Sadly, the robot is slower than a slug, but what really matters is that if these organic robots prove their effectiveness, sea exploring could be possible without polluting the location and would allow researching without interfering with the environment. The announcement was published online in the Case Western Reverse University Think blog on Monday.
The leader of the research is Victoria Webster, a Ph.D. student that says that the team is building a living machine that they want to be entirely organic. Webster has worked along different scientist, including engineers and biologists to create the 2-inch robot.
Among the collaborators is Roger Quinn, the Arthur P. Armington Professor of Engineering and director of Case Western Reserve’s Biological Inspired Robotics Laboratory, and Hillel Chiel, a biology professor who has studied the California sea slug for decades.
Quinn said that the combination of materials from the California sea slug with the 3-D parts is making the team overcome more than what an animal or an entirely man-made robot could do. The team’s robot can do different tasks and it last more than animal or a regular robot due to the California sea slug’s cells.
The California sea slug, Aplysia californica, has durable cells that can endure temperature and salinity changes, and other challenges that are characteristic of the Pacific Ocean environments, including deep waters and shallow pools. Other robots cannot adapt to the variety of scenarios that the slug robot can, says the press release.
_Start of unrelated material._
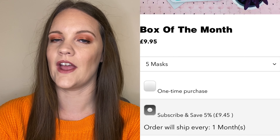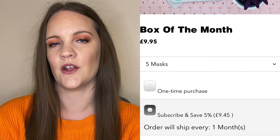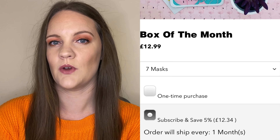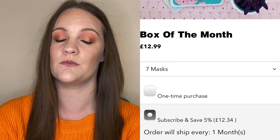For those of you who aren't aware about the service, it is a sheet mask subscription service that delivers a box of sheet masks straight to your door every single month. They do have two levels of service — you can choose from either five or seven sheet masks per month. The five sheet mask box is £9.95 for a one-off box, or if you sign up to a monthly subscription you save five percent and it comes to £9.45. They also have the seven sheet mask box, which is £12.99 as a one-off or £12.34 on a monthly subscription.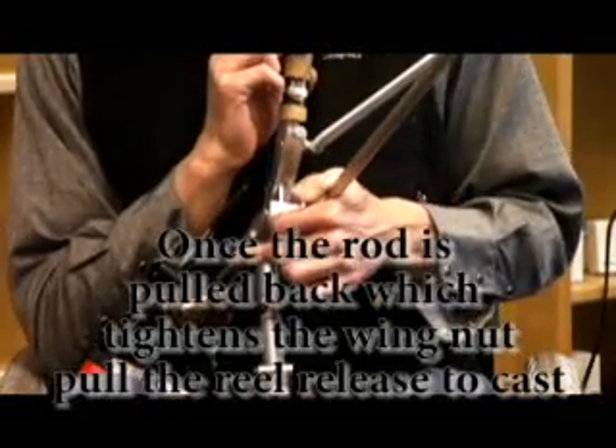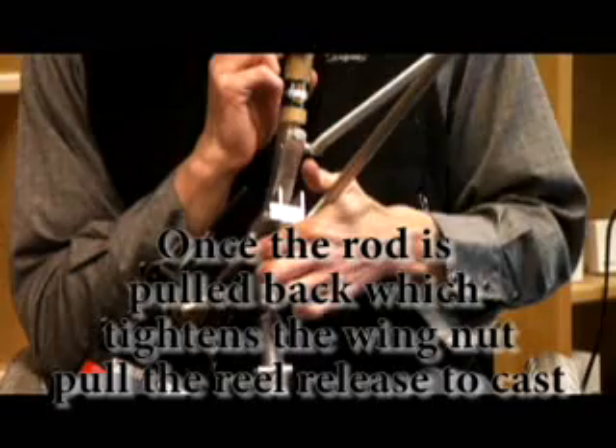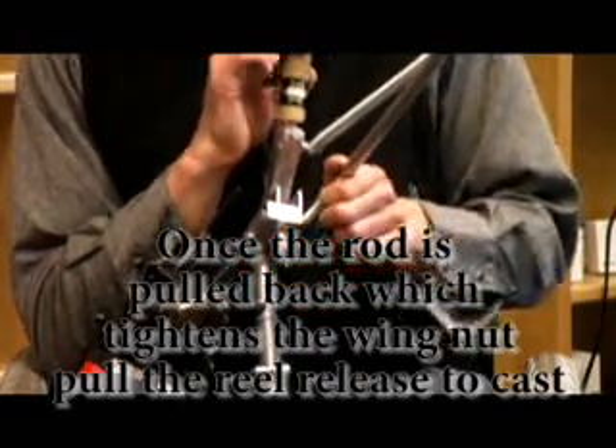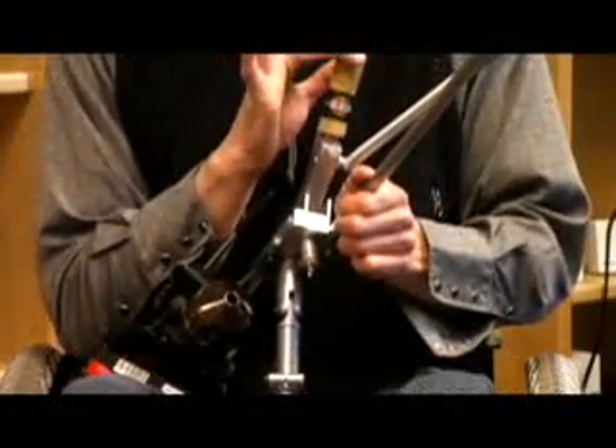After the rod is pulled back, you release the trigger for the line, and then let the rod go, and it will cast.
The biohybrid robot uses muscles from the sea slug’s mouth, and an external electric field controls its movement. But initially, the team tried to use muscle cells. They changed their minds because according to Chiel, the mouth muscles have already the desire structure and form that will provide the function and strength they need.
Researchers are controlling the robot’s movement with the slug own ganglia through chemical or electrical stimuli to manage to contract the muscles. Webster said that with the ganglia, the tissue is capable of complex movements that a man made robot cannot achieve. Webster added that ganglia could be trained, and it will make the robot capable of learning. What the team plans is to teach ganglia to move the robot forward or backward in response to 2 signals.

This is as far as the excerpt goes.